Our host took us later to a local market. It was great to have Wish around to ask the sellers whether the sweets contained egg (none of them did) or the snacks contained fish sauce. We emerged from the market with lots of exciting things to try. We ate most of the sweets as breakfast the following day. My favourite dish was sticky rice and taro or banana wrapped in banana leaf, though coconut egg-free custards sold in porcelain cups were very nice, too.
Shortly after breakfast (and waiting until the end of a downpour), we took a bus to the famous Chatuchak market– the largest market in Thailand where, as the guides promise, you can buy anything you can think of.

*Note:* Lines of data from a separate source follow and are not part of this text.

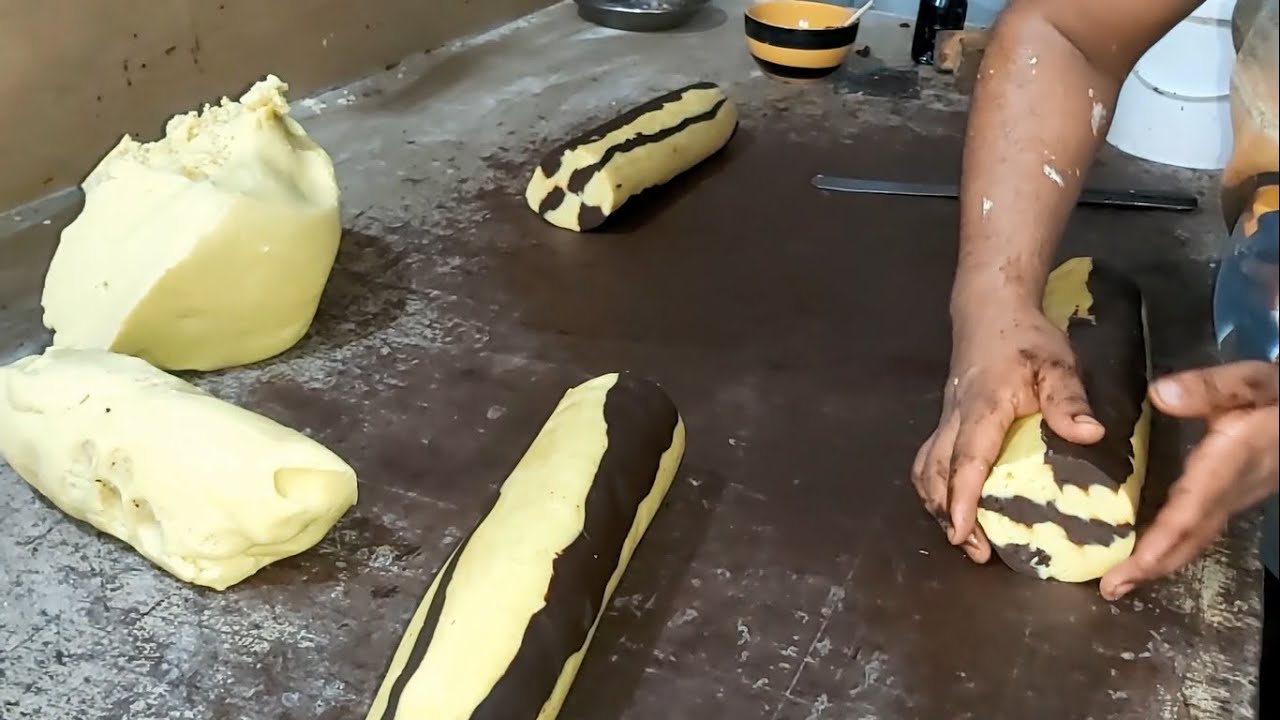 Zebra Cookies: Baking Magic with Bakery Secrets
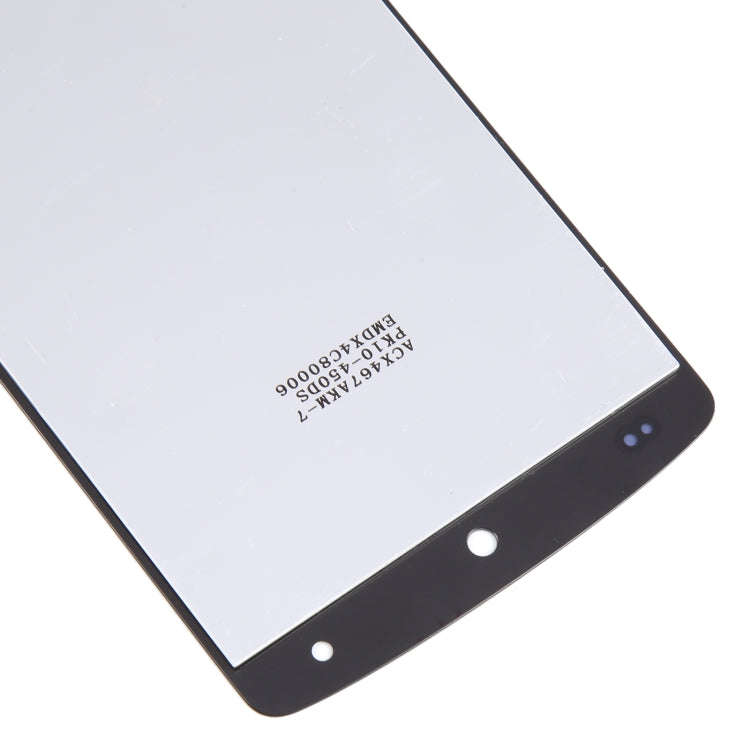 Original LCD Screen for Google Nexus 5 / D820 / D821 with Digitizer Full Assembly(Black)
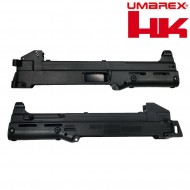 Polymer upper body ump black umarex (um-bd-003)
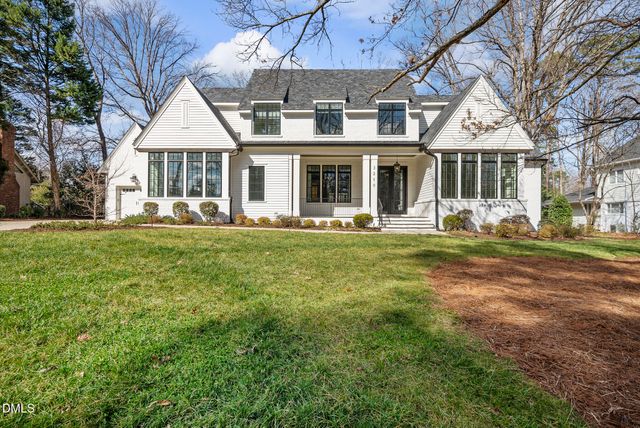 3210 Churchill Road, Raleigh, NC 27607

We did enjoy the market but imagined it to be more of a local affair while in fact some 70% of the merchandise was geared towards tourists. There were lots of clothes, souvenirs and more artsy crafts but also more surprising items of interest only to the locals such as rows and rows of artificial flowers. Like anywhere in Thailand, there was obviously lots of street food as well.
The pet section of the market (just outside the grounds) was very disturbing, featuring living baby turtles and fish sold in plastic bags. To counterbalance this cruelty, a group of Thai people rallied through the market with a huge banner saying: ‘Taking any ivory products in or out of Thailand is illegal’.
I was planning shopping there for quite a few weeks so I was glad to find all the items on my shopping list: an affordable and good quality knife (useful for self-prepared breakfasts and fruit), a waterproof passport holder, Thai fisherman pants (the very best buy during entire trip in South East Asia), a cheap but durable summer dress and an affordable bikini (as the old one simply fell apart).
The food (as for a market) wasn’t the cheapest and there wasn’t that much choice either though if you looked really hard, you could still find a shake for 20 baht or delicious coconut ice-cream (vegan!) for 30 baht.